Mas falemos, principalmente, da novidade do ano: João e Maria – Caçadores de Bruxas. Vocês devem concordar comigo que, pelo trailer, já sabíamos que seria desanimador. A própria premissa parecia ter sido vomitada para fora de uma fanfic, ou ao menos de um livro satírico na linha de Orgulho e Preconceito e Zumbis. O filme, analisado antes de ser visto, de muitas maneiras parecia somente mais uma afirmação de que Hollywood parara de produzir filmes e passara a produzir produtos a serem comercializados; esquecendo qualidade, ou mesmo juízo, os filmes decaíam cada vez mais apenas para encher as salas de cinema, angariar alguns milhões para então caírem no esquecimento.

Foi com esse espírito que entrei na sala de cinema, e saí pensando no quão eu estava errado. João e Maria não é um desperdício de dinheiro épico – é um desperdício de história. Havia imensas possibilidades para o filme. A história era, de fato, interessante; os atores estavam bem, a direção e OST eram fantásticas para um filme de ação... Mas o que deu errado? Como um filme com tanto potencial pôde se tornar mais uma explosão de sangue e testosterona destinada a sessões eternas na Tela Quente?

O motivo é simples. É o mesmo que transformou todos esses contos de fadas no fracasso que são hoje, e que fez Crepúsculo se tornar tão odiado mundo afora: simplesmente não há pretensão de ser mais do que já é. Não há interesse em tornar os personagens adoráveis para o público, nem de nos envolver com a história semi-inexistente. Não há interesse em fazer reviravoltas inteligentes, se já existem reviravoltas clichês pré-determinadas que empolgam o público sem grande esforço. Não há interesse em investir em criatividade, se o que lucra é o batido e ultrapassado, se o que interessa são as grandes cenas de ação e os efeitos especiais, e não a história.

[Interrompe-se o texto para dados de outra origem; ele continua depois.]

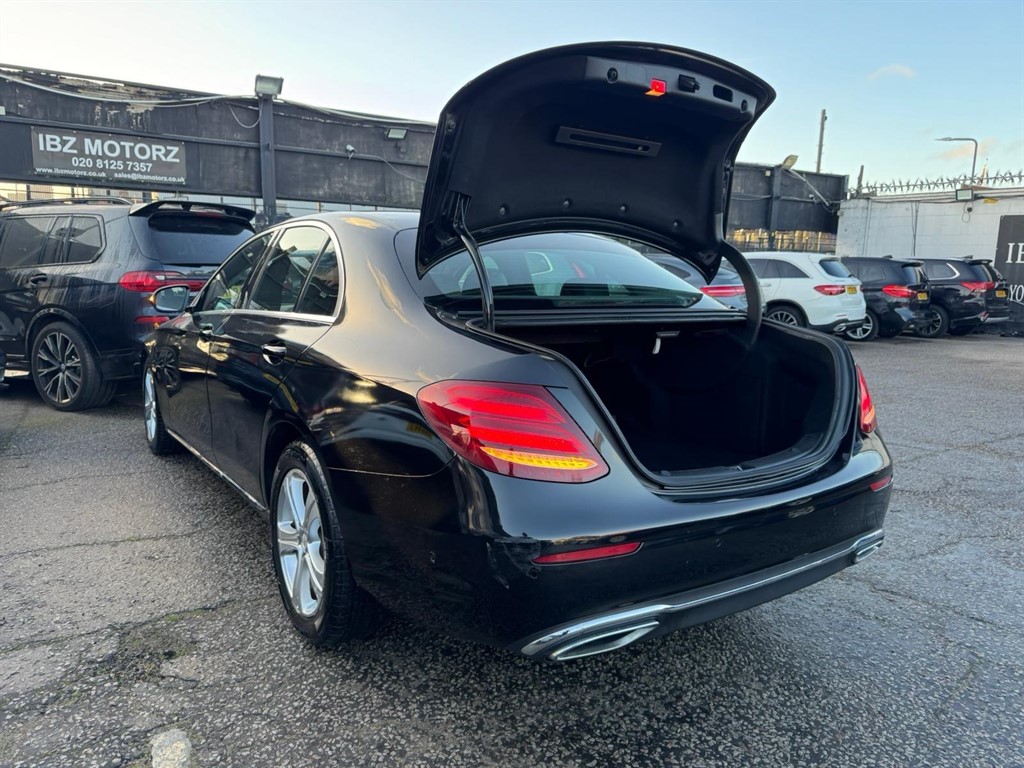 Used Mercedes-Benz E Class 2016 for sale - 77021989: Photo 8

Hollywood começou a se reciclar faz alguns anos. Ponham aí a década de 80 ou de 90. Os filmes se tornaram fracos, apenas objetos para ganhar algum dinheiro. Perdeu-se o desenvolvimento de personagens, perderam-se novas histórias... quase tudo que vemos hoje no grande circuito já foi feito antes. É por isso que existem tantas adaptações de livros e remakes feitos em pouco mais de uma década: é a maneira que acharam de produzir novas histórias sem precisar de um grande núcleo criativo que vai dar errado. Existem exceções, claro, como Percy Jackson, que não tem nada a ver com o livro – mas isso não é vitória alguma, já que O Ladrão de Raios bate nos mesmos clichês reciclados, matando a criatividade que um filme desse nível poderia ter. Um prato cheio para a Sessão da Tarde. E, junto às adaptações literárias, remakes etc., entram os contos de fadas: são apenas mais uma forma de pegar aquela história clichê que já vimos em trocentos filmes antes e botar num novo universo – o universo dos contos de fadas. Onde está a “reinterpretação” que tanto falam? Não é novidade alguma. É o velho unido ao velho. Daí, é desperdiçado todo o potencial que esses filmes poderiam ter. O quão difícil é fazer um Labirinto do Fauno, que é um filme que pega emprestado muito dos contos de fadas, mas consegue ser cheio de conteúdo e emocionante? O quão difícil é trazer a magia infantil não só para os efeitos especiais, mas também para o filme como um todo? A Disney fez isso por mais de cinquenta anos, desde Branca de Neve até Tarzan, Mulan e Lilo e Stitch. Existem profissionais ótimos por aí; por que insistir em erros? Por que não adaptar a magia para o público geral, em vez de fazer um filme frio e visualmente belo, porém vazio? Once Upon A Time, que foi responsável por impulsionar ainda mais a produção de contos de fadas, apesar de ter ganhado fama depois que os mesmos já estavam na moda, faz isso por meio de questões familiares, questões de moral, de amor e de miséria. Pode ser que a série não agrade a todos, mas esta é uma reinterpretação que ao menos tenta ser mágica.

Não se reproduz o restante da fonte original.